Meet the World’s Worst Photographer — She’s Getting $50,000

A Parisian woman beat out 127,642 competitors to win an Icelandair contest celebrating gloriously bad photography

Forget perfect compositions, flawless lighting, and Instagram filters. Blanche Mortemard, a photographer from Paris, has just been officially crowned the worst photographer in the world, beating out 127,642 other hopefuls who worked hard for the very same title. And the best part? She’s walking away with $50,000.

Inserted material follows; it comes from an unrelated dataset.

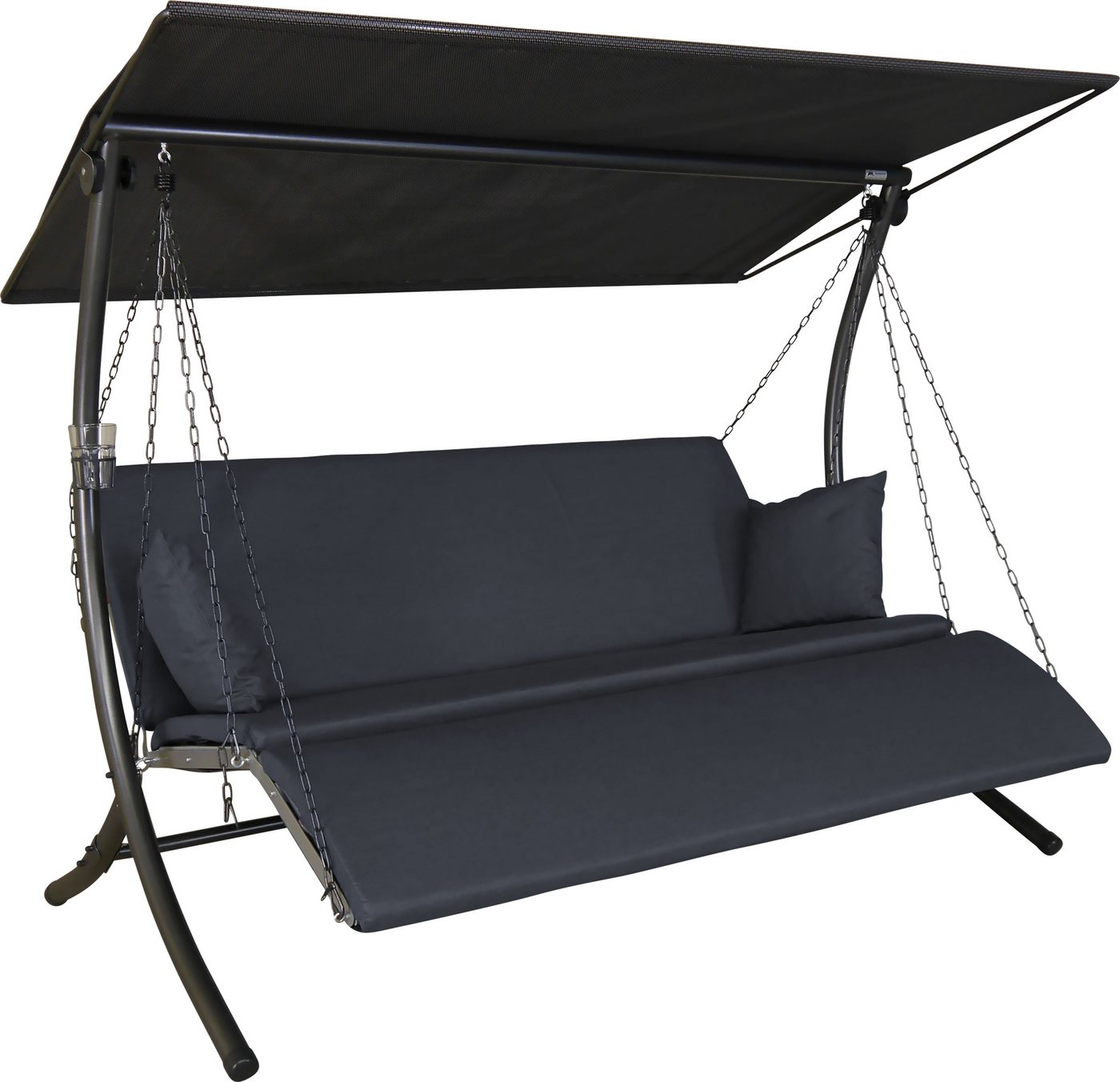 Angerer Freizeitmöbel Hollywoodschaukel »Luxus Zip anthrazit«, 3-Sitzer, Bettfunktion, BxTxH: 210x145x160 cm-HomeTrends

In most photography contests, inexplicably blurry horizons, crooked frames, and accidental thumbprints are grounds for immediate disqualification. For Iceland’s national carrier, Icelandair, however, those were exactly the qualities the judges were looking for.

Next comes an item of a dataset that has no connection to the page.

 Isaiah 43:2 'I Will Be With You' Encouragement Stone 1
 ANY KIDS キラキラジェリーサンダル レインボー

The core idea behind the campaign was simple: Iceland is so photogenic that even someone with a real gift for taking terrible pictures would struggle to make it look bad.

The response to the campaign was overwhelming. “We are thrilled to have finally found our bad photographer,” said Gísli S. Brynjólfsson, the airline’s global marketing director. “This project resonated around the world because people are tired of manufactured perfection. We genuinely admired people’s courage to embrace authenticity over the fake — that’s what set the finalists apart.”

Our really bad photographer | Icelandair

The Winning Portfolio

Mortemard came out on top among 127,642 candidates from 178 countries, impressing the judges with what was described as a remarkable absence of skill and understanding of the basic principles of photography.

Photo by. Blanche Mortemard

Her winning portfolio included a snowy urban landscape of Oslo in which an uninvited thumb takes up roughly 20% of the frame, a poorly lit, out-of-focus shot fired in the general direction of the Statue of Liberty, and a photo of a seagull perched on a light pole that awkwardly shares the frame with a human earlobe.

Photo by. Blanche Mortemard

“For years, my friends and family asked me why my photos always looked so disappointing. I’m thrilled to finally have an answer: I was training for this role. This project celebrates imperfection, and it’s probably the only photography contest I ever had a chance of winning,” Mortemard said.

The Assignment and the Prize

Mortemard will spend 10 days traveling across Iceland on a photography assignment designed to answer one question: Can a person truly be incapable of taking a good photo in one of the most spectacular landscapes on earth?

“I’ll be capturing Iceland with the confidence of a professional photographer and the skills of someone who is definitely not one. If Iceland can survive my photography, it can survive anything!” she said. For her efforts, she will receive $50,000, covering her time, expenses, and, of course, her photos.